**What to produce:** Please output the listing that follows exactly, but keep all images out.

**Recorded data:**

BEGIN

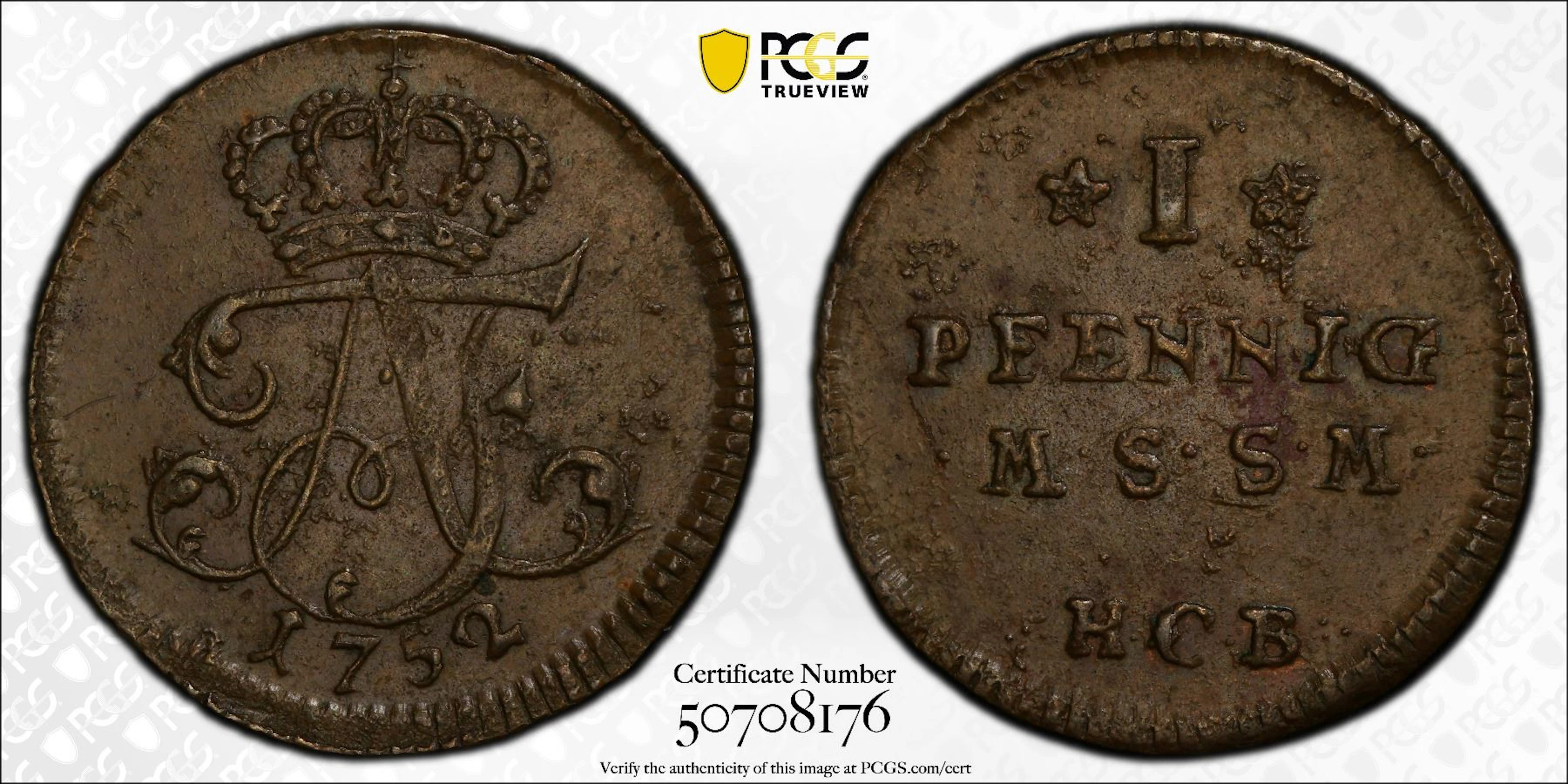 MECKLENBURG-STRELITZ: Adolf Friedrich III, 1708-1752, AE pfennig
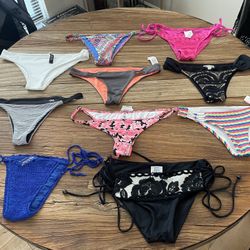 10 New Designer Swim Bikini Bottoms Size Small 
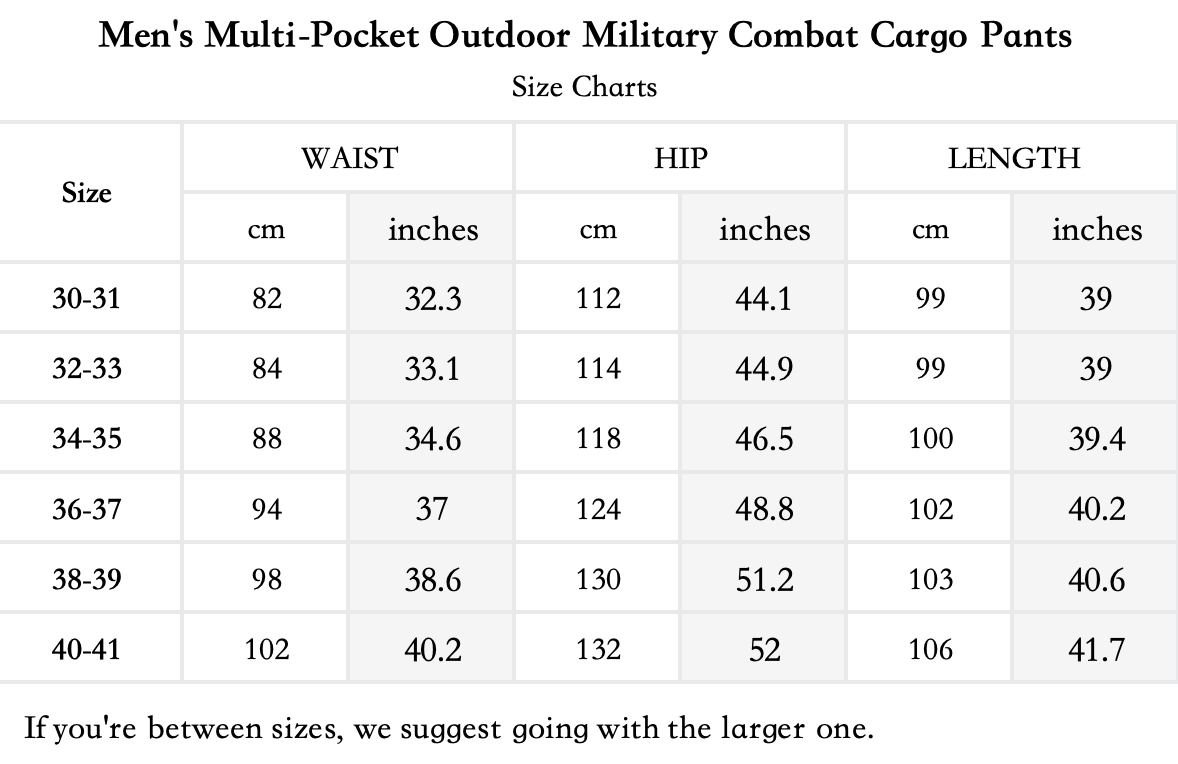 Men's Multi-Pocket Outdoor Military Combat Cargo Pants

END

**Answer box:**
 MECKLENBURG-STRELITZ: Adolf Friedrich III, 1708-1752, AE pfennig
 10 New Designer Swim Bikini Bottoms Size Small 
 Men's Multi-Pocket Outdoor Military Combat Cargo Pants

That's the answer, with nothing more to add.